▸ **Your task**: Give back exactly the lines from the "-京玉菲饭店(李村店)" line to the final line of the records, and only those, minus any pictures.

---------------

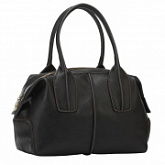 Женская сумка Pola 4015 black
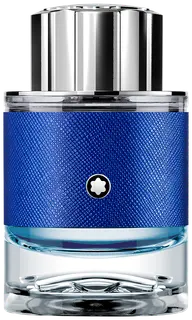 Montblanc Explorer Ultra Blue EdP tuoksu 30 ml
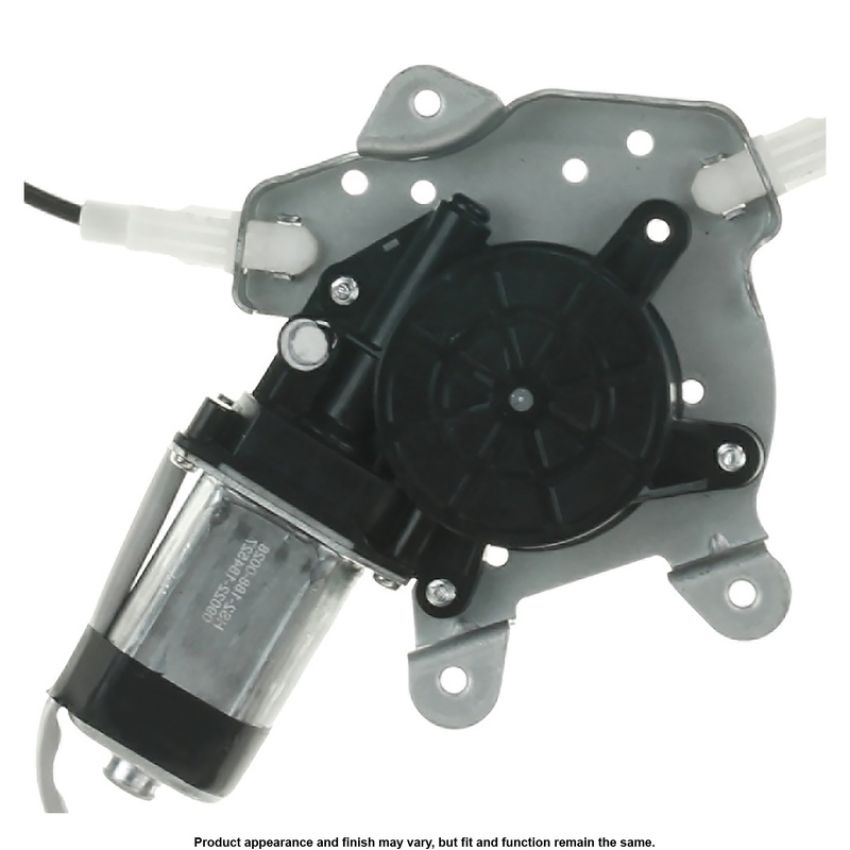 CARDONE New 82-40012AR New Power Window Motor and Regulator Assembly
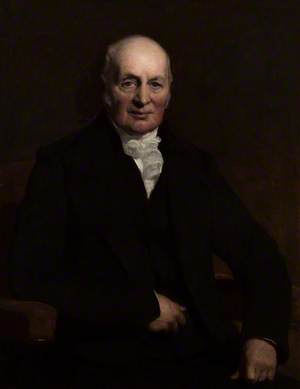 Thomas Carter (1776–1868)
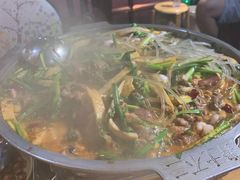 -京玉菲饭店(李村店)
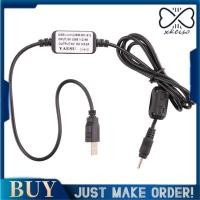 ราคา สายชาร์จ USB สําหรับวิทยุ vx 1r vx 2r vx วิทยุ usb dc 21 (47408929468)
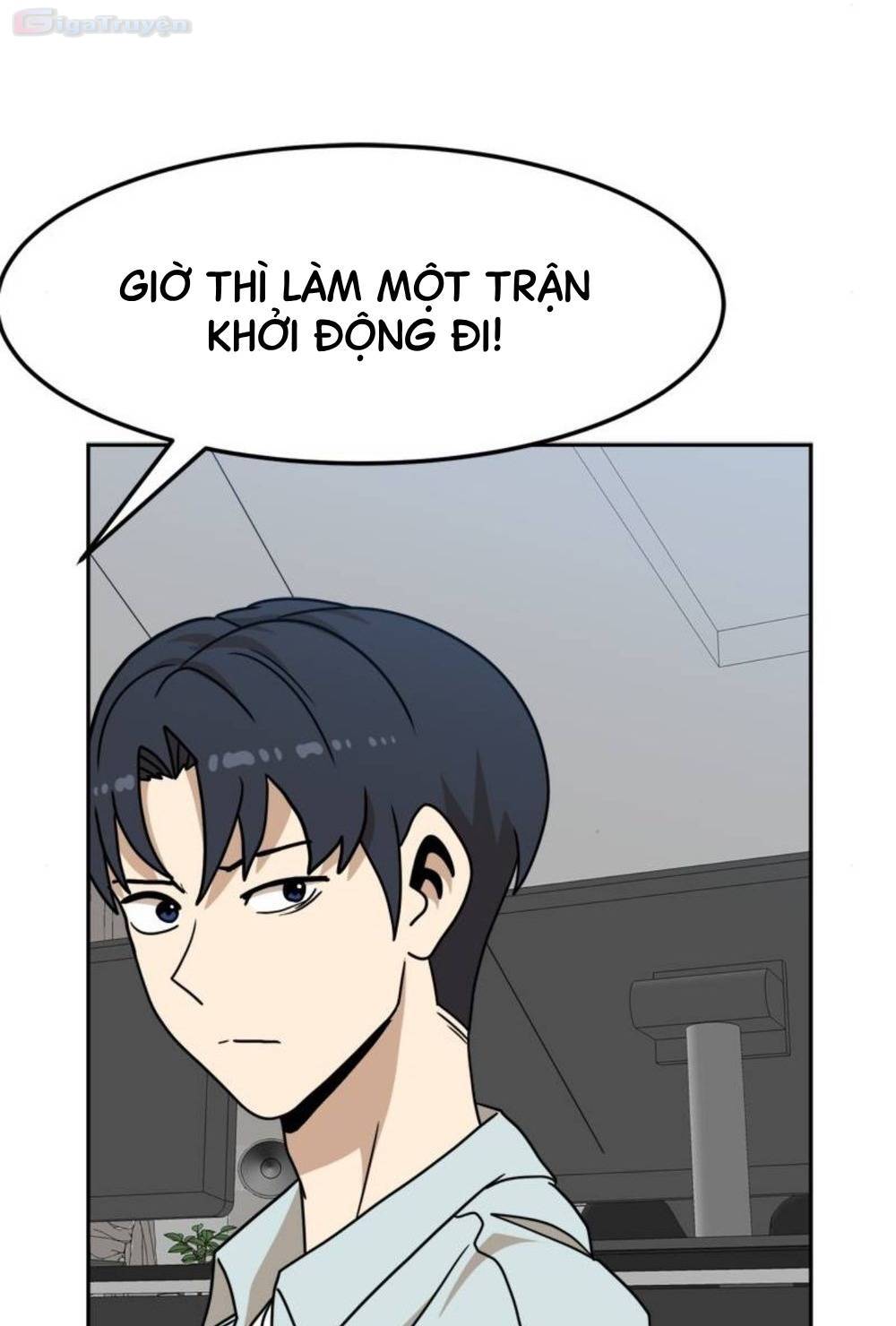 Double Click Tập 105 trang 107
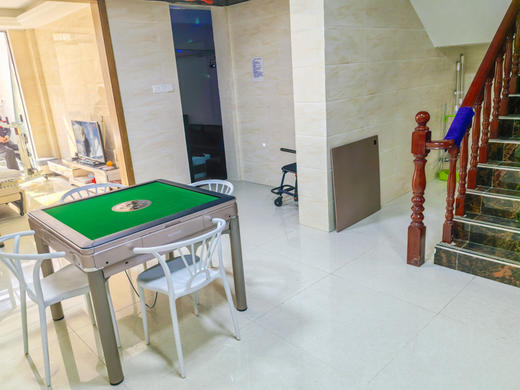 南通慢姑娘崇明水榭欧墅轰趴馆 商品图4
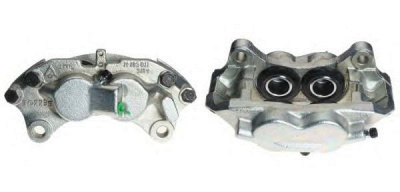 BUDWEG CALIPER 34801 -  Тормозной суппорт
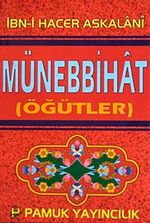 Münebbihat-Öğütler (Tasavvuf-020)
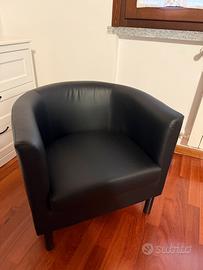 Poltroncina Ikea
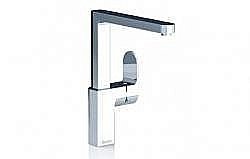 Смеситель для кухни Ravak Chrome CR 016.00 купить в интернет-магазине сантехники Sanbest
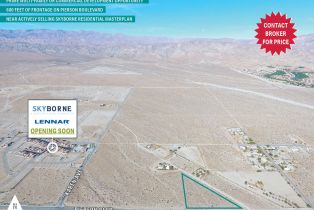 Land, 0 Pierson Boulevard, Desert Hot Springs, CA  Desert Hot Springs, CA 92240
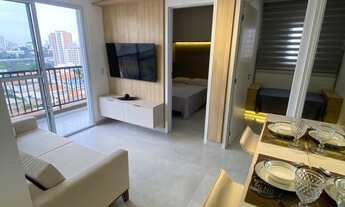 Imagem 2: Lindo Apartamento com vaga próximo da Estação Penha do Metrô!!!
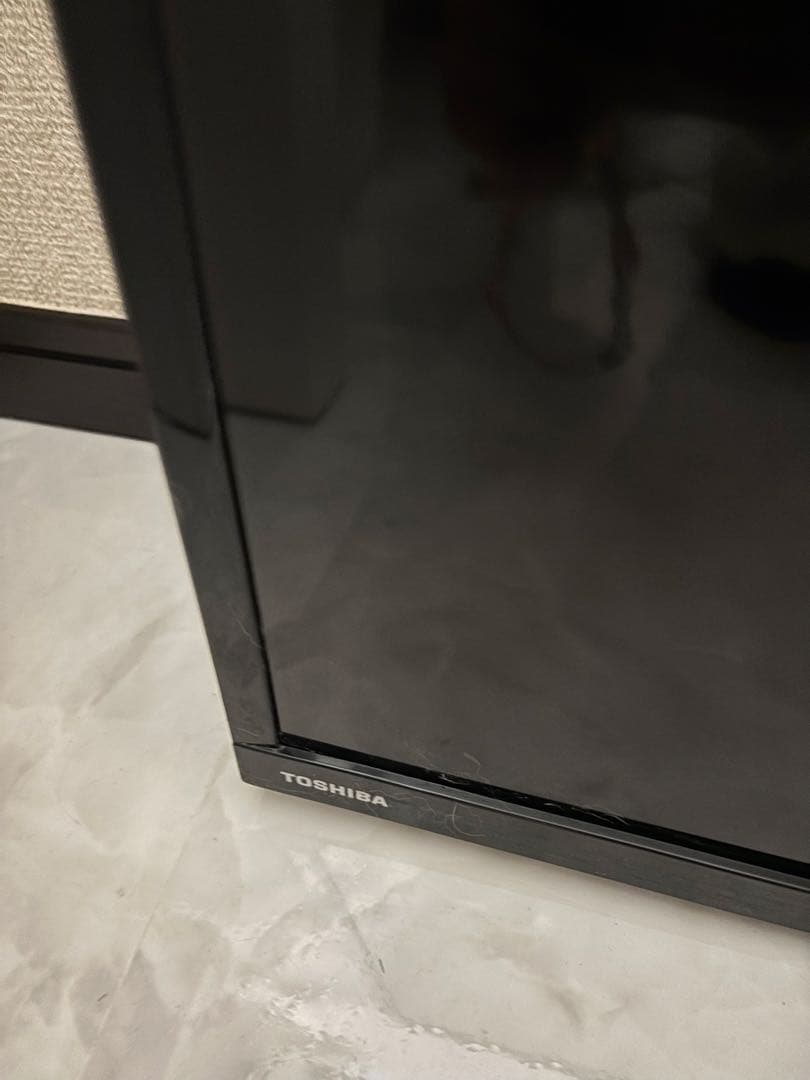 TOSHIBA REGZA 32型 テレビセット Fire TV Stick付き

---------------

▸ **Your solution**:
 -京玉菲饭店(李村店)
 ราคา สายชาร์จ USB สําหรับวิทยุ vx 1r vx 2r vx วิทยุ usb dc 21 (47408929468)
 Double Click Tập 105 trang 107
 南通慢姑娘崇明水榭欧墅轰趴馆 商品图4
 BUDWEG CALIPER 34801 -  Тормозной суппорт
 Münebbihat-Öğütler (Tasavvuf-020)
 Poltroncina Ikea
 Смеситель для кухни Ravak Chrome CR 016.00 купить в интернет-магазине сантехники Sanbest
 Land, 0 Pierson Boulevard, Desert Hot Springs, CA  Desert Hot Springs, CA 92240
 Imagem 2: Lindo Apartamento com vaga próximo da Estação Penha do Metrô!!!
 TOSHIBA REGZA 32型 テレビセット Fire TV Stick付き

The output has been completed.